Task objective.
In the entries that follow, the line with "Bild från Castlevania: Lords of Shadow 2" opens the range and the line with "VONKAJŠIE ŽALÚZIE |" closes it; repeat that range exactly, both lines included.

Records for this exercise.
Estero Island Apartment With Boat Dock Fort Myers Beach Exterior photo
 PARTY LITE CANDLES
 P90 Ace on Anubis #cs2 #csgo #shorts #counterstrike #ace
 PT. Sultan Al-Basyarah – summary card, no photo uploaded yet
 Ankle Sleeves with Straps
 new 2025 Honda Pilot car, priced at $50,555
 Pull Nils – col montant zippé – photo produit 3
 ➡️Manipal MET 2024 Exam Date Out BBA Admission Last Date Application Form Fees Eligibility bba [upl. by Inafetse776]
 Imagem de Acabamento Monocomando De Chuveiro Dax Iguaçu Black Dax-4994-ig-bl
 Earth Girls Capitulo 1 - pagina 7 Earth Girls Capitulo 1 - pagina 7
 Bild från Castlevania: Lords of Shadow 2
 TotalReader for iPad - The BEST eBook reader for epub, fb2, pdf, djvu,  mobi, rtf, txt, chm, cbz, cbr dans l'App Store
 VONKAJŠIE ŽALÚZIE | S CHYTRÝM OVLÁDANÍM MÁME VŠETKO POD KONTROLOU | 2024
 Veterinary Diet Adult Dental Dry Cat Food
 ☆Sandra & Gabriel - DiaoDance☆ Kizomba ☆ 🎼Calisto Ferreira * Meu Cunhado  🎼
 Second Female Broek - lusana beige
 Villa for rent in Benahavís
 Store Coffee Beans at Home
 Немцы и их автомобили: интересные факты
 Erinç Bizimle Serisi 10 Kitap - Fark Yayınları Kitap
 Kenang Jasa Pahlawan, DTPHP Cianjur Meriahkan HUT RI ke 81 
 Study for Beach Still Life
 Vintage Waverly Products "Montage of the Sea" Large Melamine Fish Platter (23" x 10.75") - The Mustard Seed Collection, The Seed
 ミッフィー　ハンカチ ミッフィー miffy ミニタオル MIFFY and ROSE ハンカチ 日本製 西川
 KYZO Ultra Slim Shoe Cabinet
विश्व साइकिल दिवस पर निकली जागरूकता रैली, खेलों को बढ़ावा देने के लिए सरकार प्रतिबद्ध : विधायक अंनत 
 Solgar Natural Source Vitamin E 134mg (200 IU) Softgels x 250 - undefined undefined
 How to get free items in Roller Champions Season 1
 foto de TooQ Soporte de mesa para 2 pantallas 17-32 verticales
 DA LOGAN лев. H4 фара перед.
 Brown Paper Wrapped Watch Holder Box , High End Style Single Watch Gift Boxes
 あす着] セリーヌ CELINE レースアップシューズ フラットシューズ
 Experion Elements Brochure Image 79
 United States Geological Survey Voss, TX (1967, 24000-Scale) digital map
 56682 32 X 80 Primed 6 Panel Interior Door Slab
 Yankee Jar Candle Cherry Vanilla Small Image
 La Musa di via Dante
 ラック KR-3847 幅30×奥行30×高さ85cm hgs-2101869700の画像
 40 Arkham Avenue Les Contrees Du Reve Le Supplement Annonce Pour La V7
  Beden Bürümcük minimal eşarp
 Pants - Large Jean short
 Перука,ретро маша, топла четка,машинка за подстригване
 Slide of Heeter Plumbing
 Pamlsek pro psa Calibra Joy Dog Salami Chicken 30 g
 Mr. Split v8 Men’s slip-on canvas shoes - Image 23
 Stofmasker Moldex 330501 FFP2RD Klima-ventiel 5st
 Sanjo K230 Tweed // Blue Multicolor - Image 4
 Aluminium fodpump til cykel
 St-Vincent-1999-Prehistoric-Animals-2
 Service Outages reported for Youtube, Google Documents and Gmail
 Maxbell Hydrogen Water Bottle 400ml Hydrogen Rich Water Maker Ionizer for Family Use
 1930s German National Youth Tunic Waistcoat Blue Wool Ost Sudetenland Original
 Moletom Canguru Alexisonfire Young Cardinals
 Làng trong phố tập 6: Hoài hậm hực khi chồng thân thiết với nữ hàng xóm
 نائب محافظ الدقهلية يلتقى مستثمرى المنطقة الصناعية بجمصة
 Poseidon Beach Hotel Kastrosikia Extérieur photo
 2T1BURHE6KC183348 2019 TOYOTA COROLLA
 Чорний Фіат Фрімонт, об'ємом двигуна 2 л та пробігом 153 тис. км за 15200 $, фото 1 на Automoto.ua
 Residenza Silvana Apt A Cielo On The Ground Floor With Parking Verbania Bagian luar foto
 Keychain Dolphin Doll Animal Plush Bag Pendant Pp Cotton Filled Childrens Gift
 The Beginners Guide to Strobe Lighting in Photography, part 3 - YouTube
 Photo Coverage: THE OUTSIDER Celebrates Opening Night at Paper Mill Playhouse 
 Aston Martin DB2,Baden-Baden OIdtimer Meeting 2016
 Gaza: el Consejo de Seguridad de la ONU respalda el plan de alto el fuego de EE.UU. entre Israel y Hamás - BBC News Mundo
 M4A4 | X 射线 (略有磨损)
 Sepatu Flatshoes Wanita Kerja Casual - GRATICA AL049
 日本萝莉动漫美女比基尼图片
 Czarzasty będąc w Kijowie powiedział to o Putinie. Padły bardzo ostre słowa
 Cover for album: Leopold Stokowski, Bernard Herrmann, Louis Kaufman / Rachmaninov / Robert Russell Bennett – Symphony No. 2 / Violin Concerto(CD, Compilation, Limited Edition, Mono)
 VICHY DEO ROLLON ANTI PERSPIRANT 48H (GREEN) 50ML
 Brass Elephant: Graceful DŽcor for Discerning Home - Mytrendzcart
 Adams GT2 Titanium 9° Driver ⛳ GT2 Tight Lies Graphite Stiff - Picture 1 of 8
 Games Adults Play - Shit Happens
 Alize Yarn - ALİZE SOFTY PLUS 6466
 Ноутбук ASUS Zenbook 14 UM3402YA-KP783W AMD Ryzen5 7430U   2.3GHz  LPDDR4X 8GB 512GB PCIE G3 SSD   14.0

Answer space.
 Bild från Castlevania: Lords of Shadow 2
 TotalReader for iPad - The BEST eBook reader for epub, fb2, pdf, djvu,  mobi, rtf, txt, chm, cbz, cbr dans l'App Store
 VONKAJŠIE ŽALÚZIE | S CHYTRÝM OVLÁDANÍM MÁME VŠETKO POD KONTROLOU | 2024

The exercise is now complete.